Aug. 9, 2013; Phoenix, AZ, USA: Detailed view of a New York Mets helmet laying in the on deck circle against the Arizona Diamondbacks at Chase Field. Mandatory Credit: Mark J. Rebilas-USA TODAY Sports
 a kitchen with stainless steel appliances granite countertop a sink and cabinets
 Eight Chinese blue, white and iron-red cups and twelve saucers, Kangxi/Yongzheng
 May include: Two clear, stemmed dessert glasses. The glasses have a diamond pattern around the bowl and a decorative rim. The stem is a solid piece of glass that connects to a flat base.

****

WHAT THIS TASK INVOLVES: The line containing "Eight Chinese blue, white" and every line after it, through the last one above, should be written out word for word.

ANSWER AREA:
 Eight Chinese blue, white and iron-red cups and twelve saucers, Kangxi/Yongzheng
 May include: Two clear, stemmed dessert glasses. The glasses have a diamond pattern around the bowl and a decorative rim. The stem is a solid piece of glass that connects to a flat base.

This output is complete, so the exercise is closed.